Avec Jeremy Scott, l’influence des années 90 est assumée. Il reconnaît être parti de vieux polaroïds personnels pour penser sa collection... très contemporaine.

Jeremy Scott puise son influence dans les années 90. Mais encore ? Il ne se contente évidemment pas de copier-coller les idées en vogue lors de ses débuts dans le métier (1997).

Si, pour ce défilé mixte printemps-été 2019, il reste dans la gamme de couleurs pétaradantes qu’il affectionne (orange, vert, rose, jaune, le tout fluo ou « néon », en contrepoint au noir) et qu’il pique des références aux idoles des jeunes des années 90 (Pikachu), joue avec les onomatopées et les codes de la BD, Jeremy Scott ne copie cependant pas Roy Lichenstein.

S’il colle d’immenses lettres sur des tenues fluos ou kaki... ce sont en fait des slogans qui intègrent son logo. « Riot, Sex, Power, Peace, Shock, Hope, Resistance » : tout un programme qui se décline (ensemble ou séparément) sur des shorty, t-shirt, maillot de bain, pull crop, long gilet oversize, pull, blouson et pantalon (pour homme).

Des années 90, qui sont au top du top en 2018, il reprend aussi les imprimés carreaux, de différentes couleurs qui se conjuguent entre elles, ou des motifs camouflages élégants et l’impression de photos.

On retrouve également la salopette, qui avait déjà avancé démasqué l’été dernier, mais entièrement repensée dans une direction sexy.

Le néoprène, le cuir et le plastique (pvc) sont en vedette sur les vêtements et les bottes et bottines, mais çà et là une touche de dentelle termine une robe ou une brassière (soutien-gorge).
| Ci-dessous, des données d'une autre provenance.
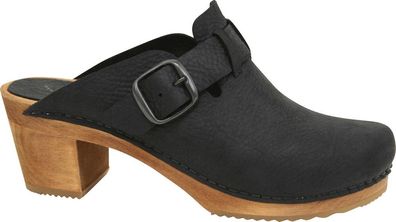 Sanita Clogs Damen Clog offen Wood-Malulo Square Open Black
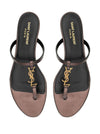 Saint Laurent Cassandre leather thong sandals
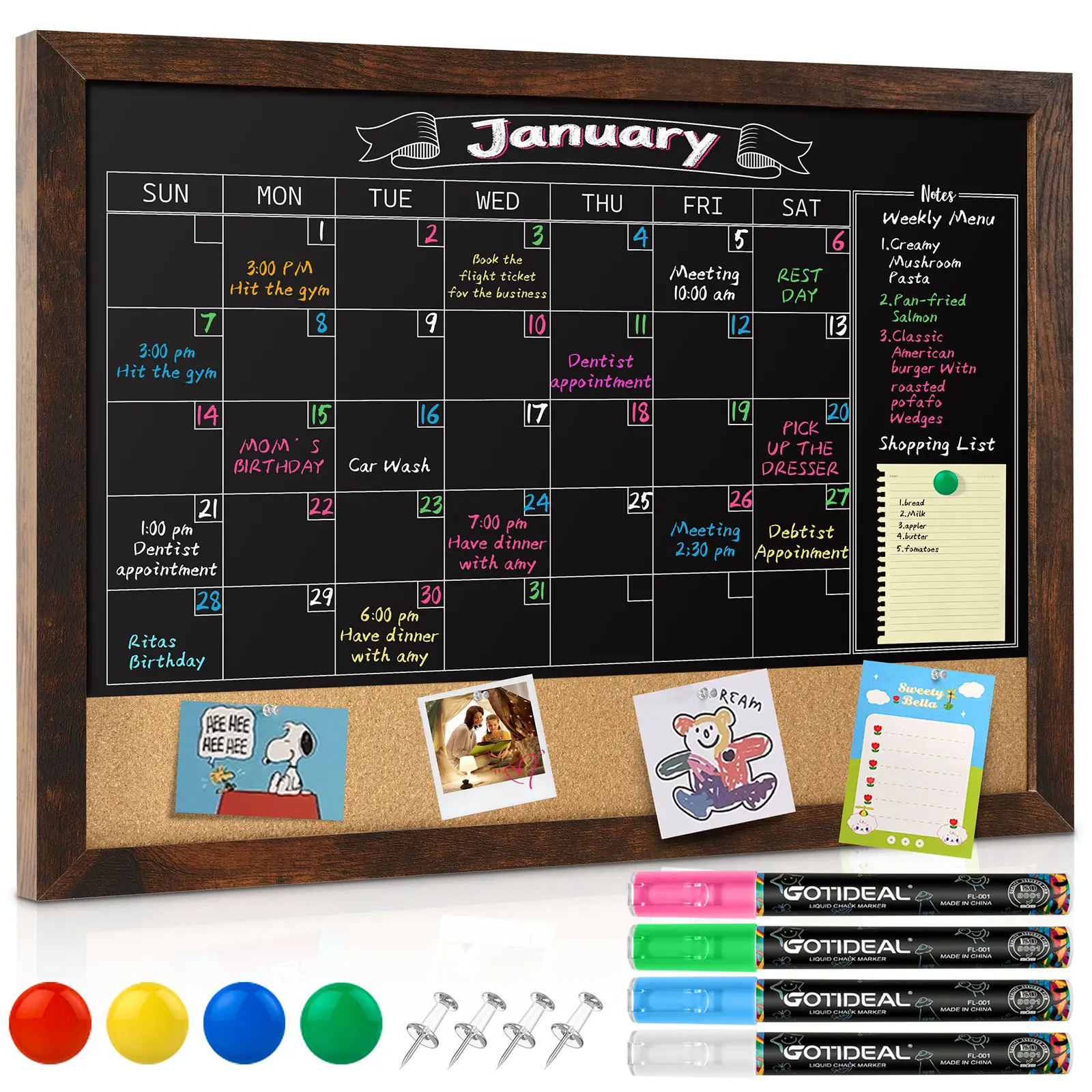Gotideal Framed Magnetic Chalkboard Calendar, 24"x18" Wall-Mounted Versatile Eco-Friendly Long-Lasting Organizer for Kitchen, Office, Rustic Decor, Pine Wood,back to school,back to school haul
Et le jean n’est jamais loin.

On note que, pour les femmes au moins, les chaussures sont des bottes et des bottines, à larges talons solides ou, comme les cuissardes, sur talons aiguilles.

Les références appartiennent pour une part au monde du sport (les bottes et bottines, ainsi que certains pantalons homme évoquent les tenues des hockeyeurs ou des footballeurs américains), mais l’abondance de mini jupes, de shorts échancrés, de top crop (blousons compris), du brillant et du clinquant tire bien du côté des années 90 version nuit. Mais revisitées par ce qui leur manquait : une conscience politique.

Derrière le fun et le décontracté, Jeremy Scott ne perd pas l’occasion de s’inscrire dans le mouvement de protestation qui commence à faire bouger les États-Unis. « Tell your Senator to Vote No on Kavanaugh » disait le débardeur qu’il arborait à la fin de son show. (Dites à votre sénateur de voter Non, contre la nomination de Kavanaugh comme juge à la Cour Suprême américaine).